Difficult times lie ahead for Twitter should the company not adequately prepare for the Digital Services Act (DSA), says Věra Jourová, the European Commission’s Vice-President for Values and Transparency. The DSA, which will take effect in August, represents the EU’s new rules for social media and internet platforms like Twitter.
During an interview on April 26th at the “European Newsroom,” a collaborative project involving 18 news agencies from across Europe, Jourová complained about “unregulated” and “aggressive” Russian “propaganda” circulating on Twitter.
The Czech EU bureaucrat noted that Russia was having great success—particularly in developing countries—in putting forward its own narrative about the war in Ukraine, and said the EU is fast “losing” the information war between Russia and Ukraine (and its backers). Being on the platform has thus left her feeling “increasingly uncomfortable,” Jourová said, which she admitted was “just a personal feeling.”
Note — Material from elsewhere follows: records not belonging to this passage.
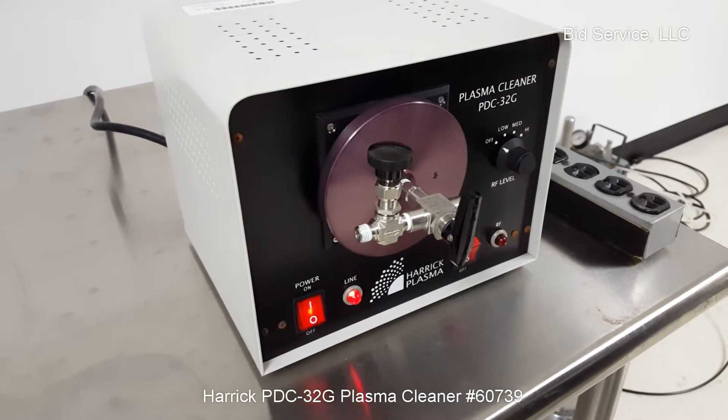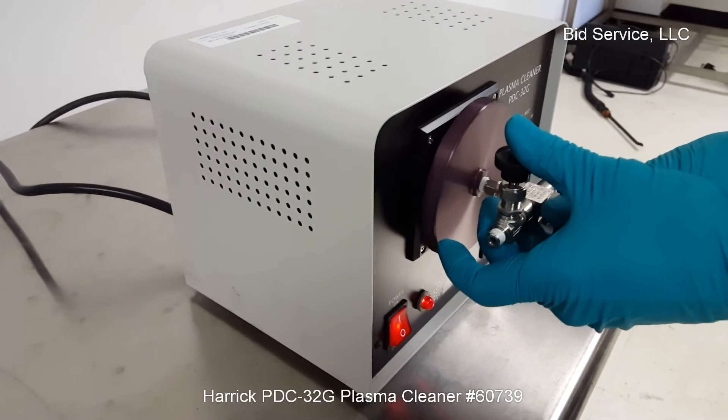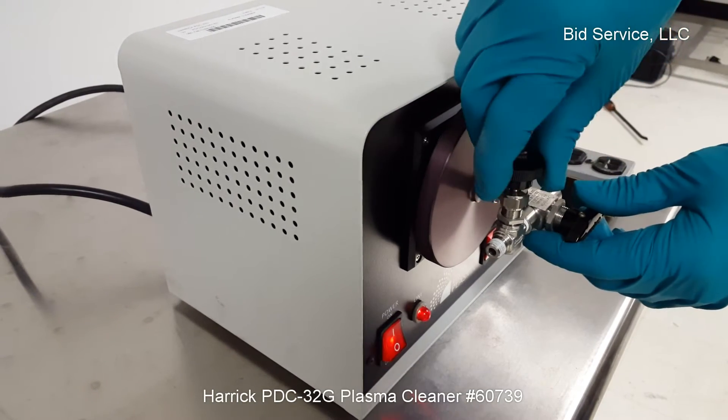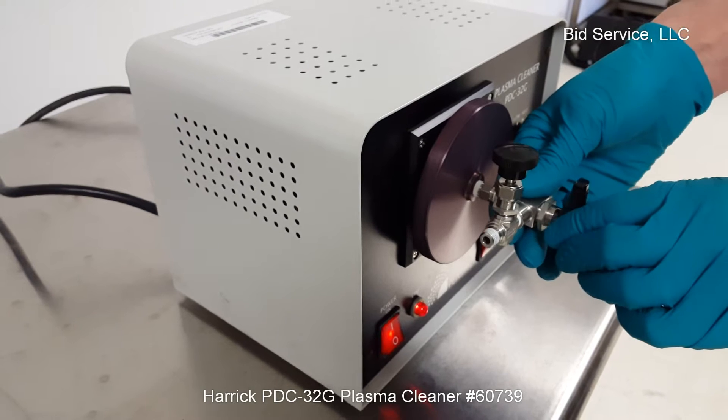I'll let this pump for a little while. This direction here would be vent — you can hear it pulling air in through here. I'll explain that later. This direction here you can adjust your gas flow in. I'll just leave this closed for now.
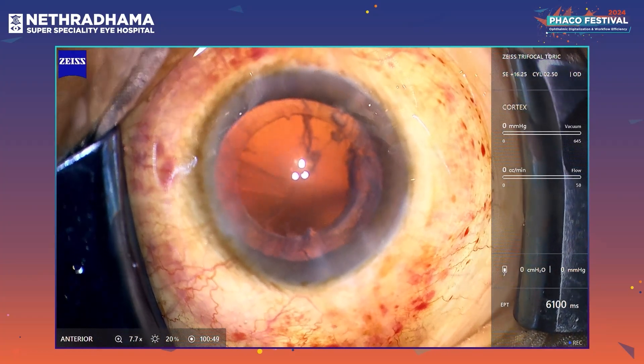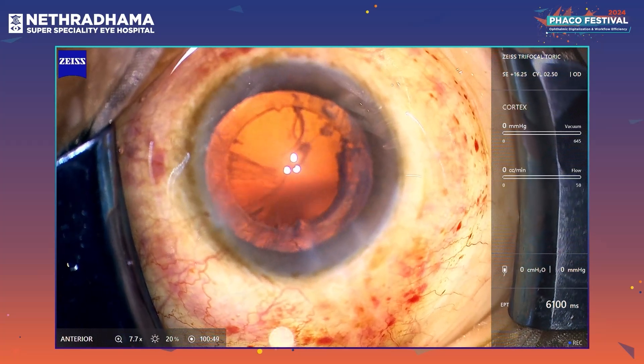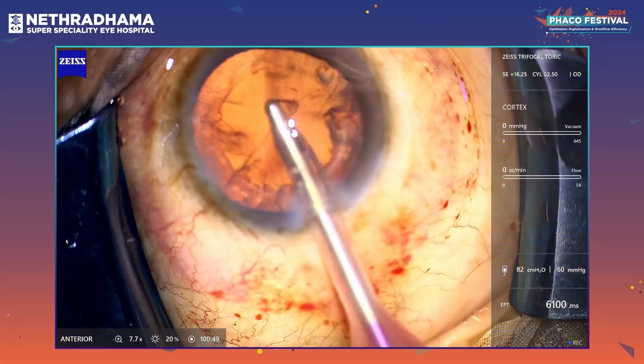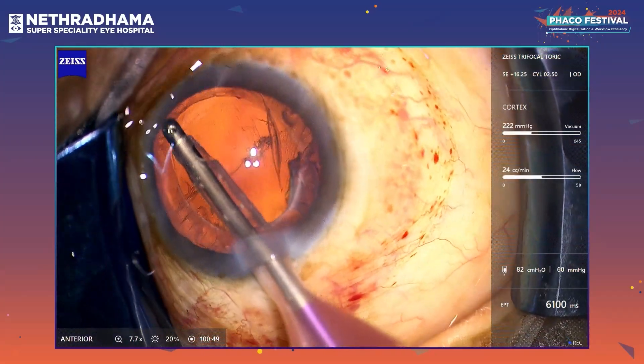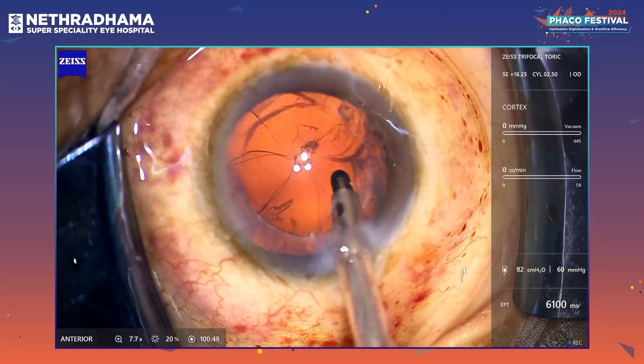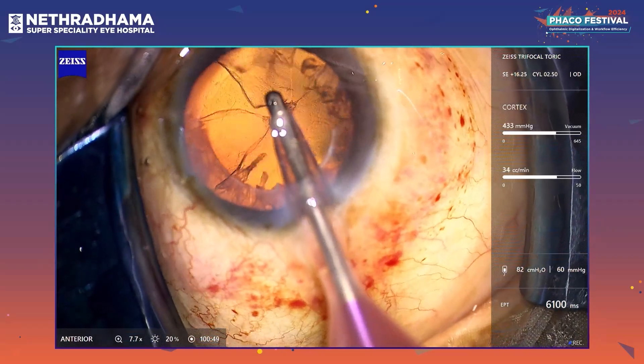You can see that the nubs are quite stable and it gives me a very clear idea of where I need to align the lens. The IOL I will be using today is the ATLISA trifocal toric lens — it's a diffractive lens with a bitoric surface.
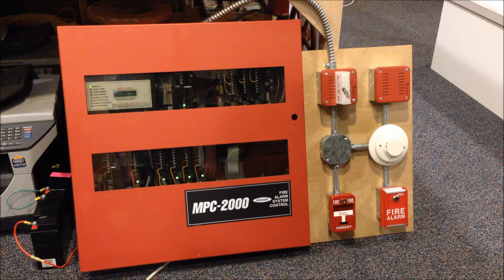Hey everybody, today we're going to be taking a look at my newest fire alarm control panel, the Faraday MPC2000. If you watch my channel frequently, you got a quick preview of the system during the new fire alarm devices video for July. I'm going to go back over in detail all the things I covered in that video for the people who didn't see it. And I have the little miniature display board that I built — you previously saw with the FCI FC72 — hooked up here, so we'll be able to test out this system and see it in action.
She expressed regret that many of Twitter’s content moderators had been let go by Elon Musk, the company’s new billionaire owner. Since Musk’s purchase of the company last year, more than 6,000 staffers have been fired, the billionaire told the BBC in a now-infamous interview earlier this month.
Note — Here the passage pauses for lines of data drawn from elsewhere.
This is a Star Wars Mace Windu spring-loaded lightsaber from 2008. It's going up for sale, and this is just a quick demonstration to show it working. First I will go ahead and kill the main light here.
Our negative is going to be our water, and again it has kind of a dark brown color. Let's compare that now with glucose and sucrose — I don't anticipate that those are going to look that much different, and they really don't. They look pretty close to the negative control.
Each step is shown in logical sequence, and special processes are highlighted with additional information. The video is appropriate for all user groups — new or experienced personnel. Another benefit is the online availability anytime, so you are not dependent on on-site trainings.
Musk has explained that such a “drastic action” was necessary since the company was facing “a $3 billion negative cash flow situation.” But Jourová says people were let go “who understood our thinking, that the fight against disinformation is not censorship.”
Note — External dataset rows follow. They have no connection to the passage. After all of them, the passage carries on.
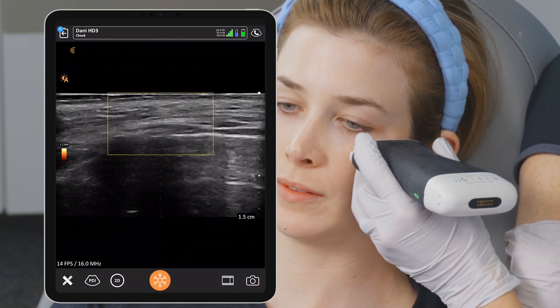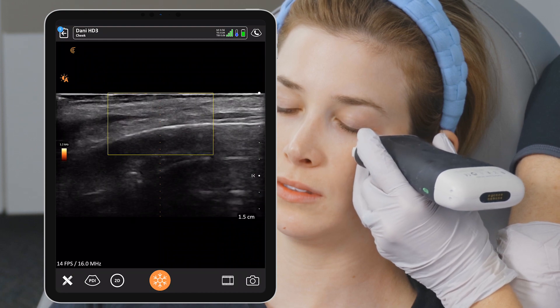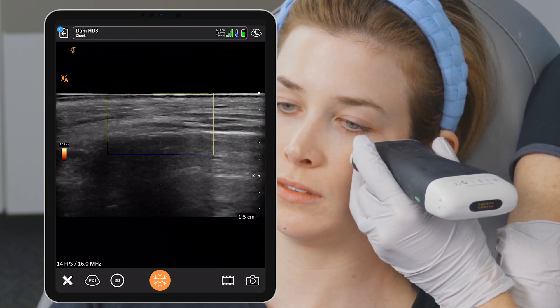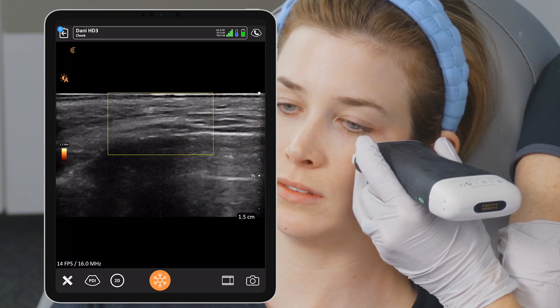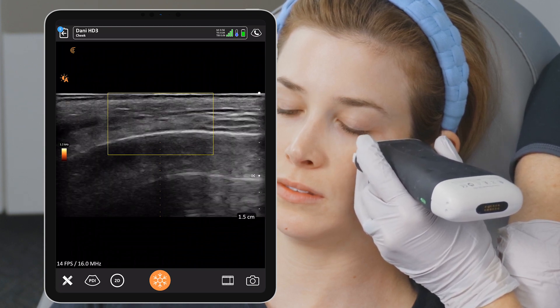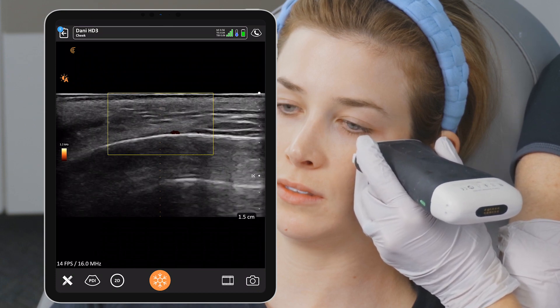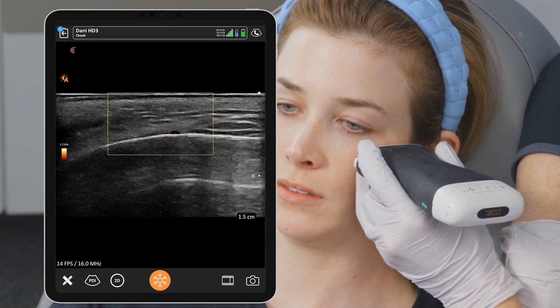The next thing we need to do is check pressure. Here's a dense pressure — you can see I'm pushing and we're looking at the screen — and then a lighter pressure. Your view changes with your pressure. You always want to use the lightest pressure you can when you're talking about such superficial vessels and superficial structures. So that was our pressure check.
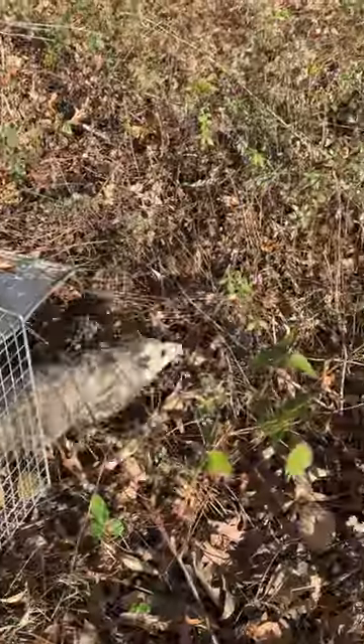Earlier today, we caught a predator in one of our traps for the first time in a very long while. We're getting ready to reset the traps, including these two brand new ones that we got last night at Tractor Supply.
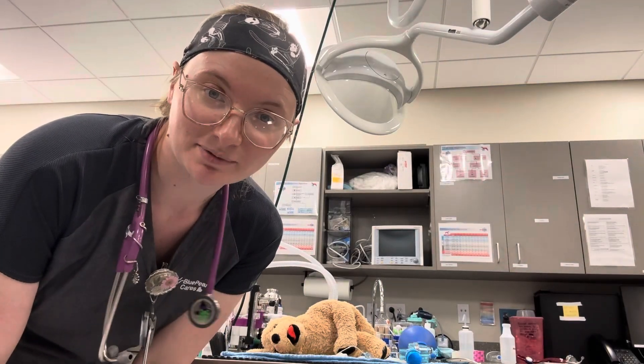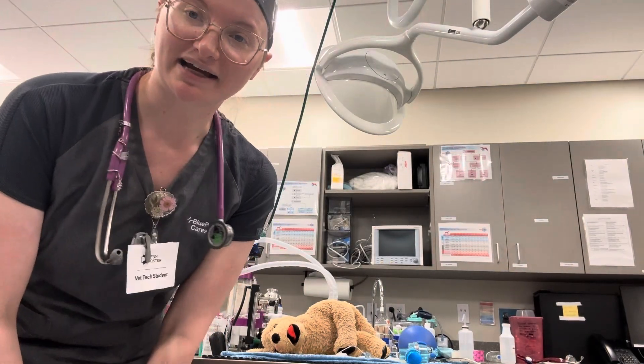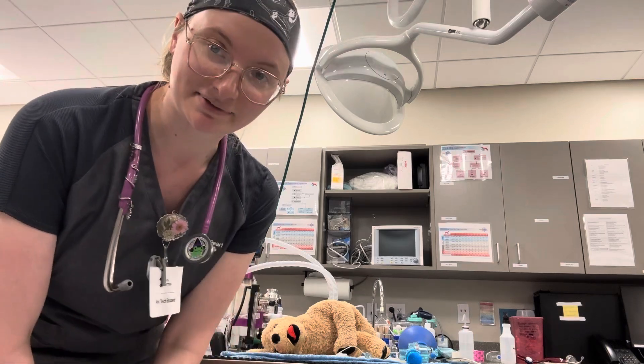My name is Abby Taylor. Today is October 19th and today I'll be demonstrating how to perform basic life support in a canine patient model.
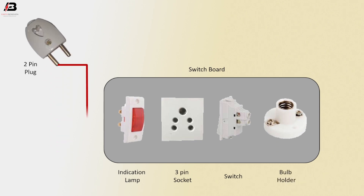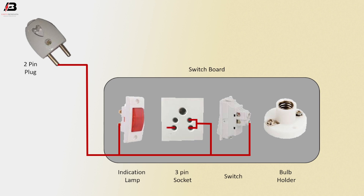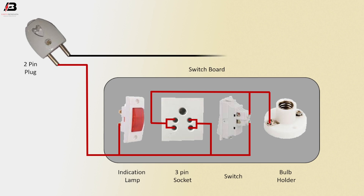Phase connection from 2-pin plug to connect switch phase point and connect to indicator lamp. Phase connection connected to 3-pin socket. Series connection from 3-pin socket to connect holder point. Phase connection to switch another point. Neutral connection to holder and indicator light.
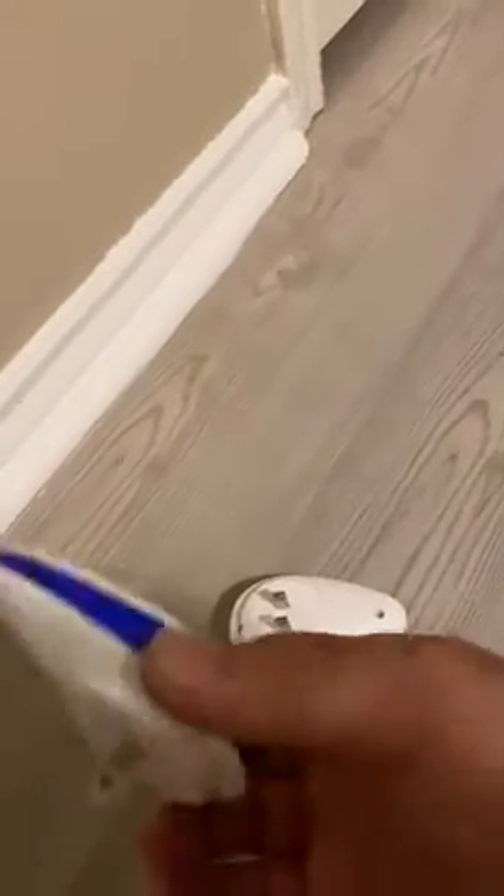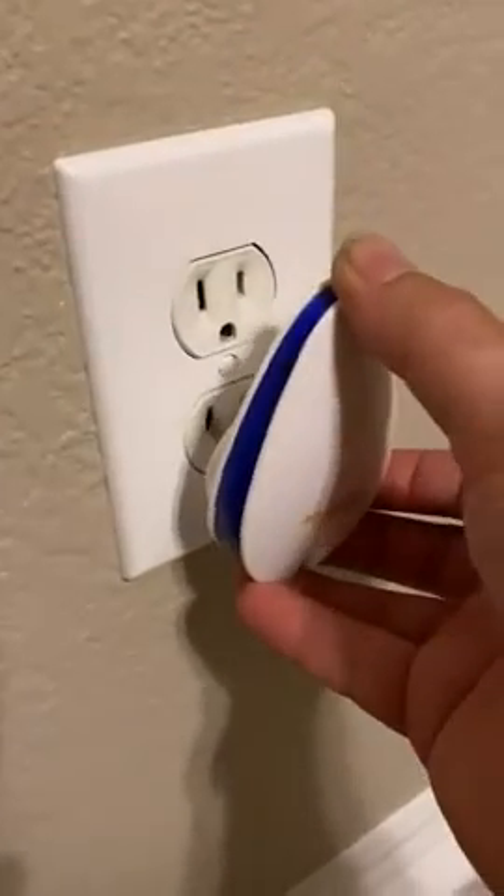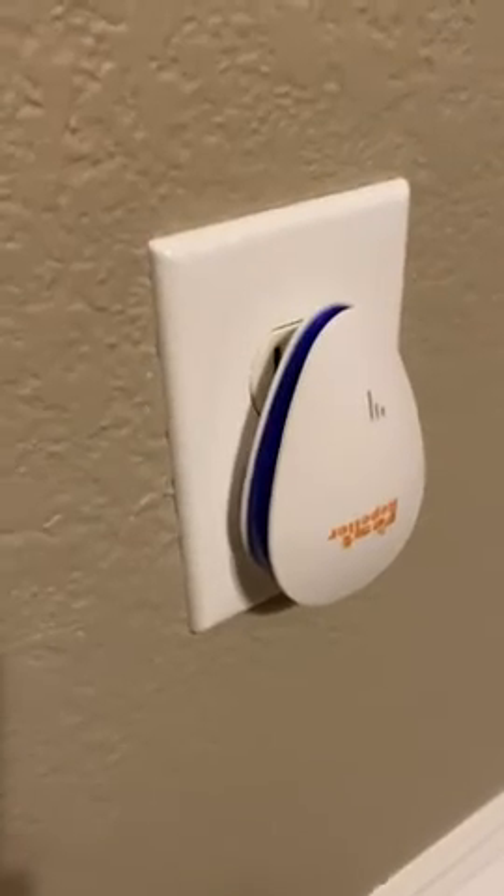Not all of them are working. Here's the other one we got — this was the working one. Here's the other one that came with the pack, and what you'll see here is a light flash right there, and then nothing else.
Jourová said she would like Musk to understand the EU’s “philosophy”—which, while it “protects freedom of expression,” is “not unlimited.” “I would compare the situation to driving on the highway. If you go over the speed limit, you are punished and may one day lose your license,” she said.
It is, therefore, necessary for Twitter and others to “step up their work against Russian propaganda,” she said. Otherwise, once rules like the DSA become mandatory, those in breach of them will risk hefty fines—and Twitter “will possibly have a difficult time.” Until then, she said, there was “still room for dialogue.”
Before her “European Newsroom” interview, Jourová cited an AP report that presented research by Reset—a London-based public interest non-profit that targets Big Tech companies—which found that recent policy changes at Twitter had amplified state-backed ‘disinformation’ on the platform. Jourová said this evinced “yet another negative sign” by Twitter.
Reset pointed to Twitter’s decision to remove state-backed labels from accounts operated by governments in China, Iran, and Russia, while lifting restrictions on algorithmic amplification of their content. According to Reset’s research, Kremlin messaging saw a visibility boost of around one-third.
In a follow-up tweet, Jourová commented that “this is a signal that Twitter is falling short of its commitments to the anti-disinformation Code [a code of good practices to which a range of platforms voluntarily adhere],” adding that “this is a paramount test to show they are serious about respecting the Code and ultimately compliance with the Digital Services Act.”
Before and after his acquisition of Twitter was completed last October, Musk, a self-professed “free speech absolutist,” declared his intention to make Twitter a platform on which free speech would flourish. He has locked horns with Brussels ever since, as the EU seeks to curb speech it (often opaquely) labels “hate speech,” “propaganda,” “disinformation,” “misinformation,” or various permutations thereof.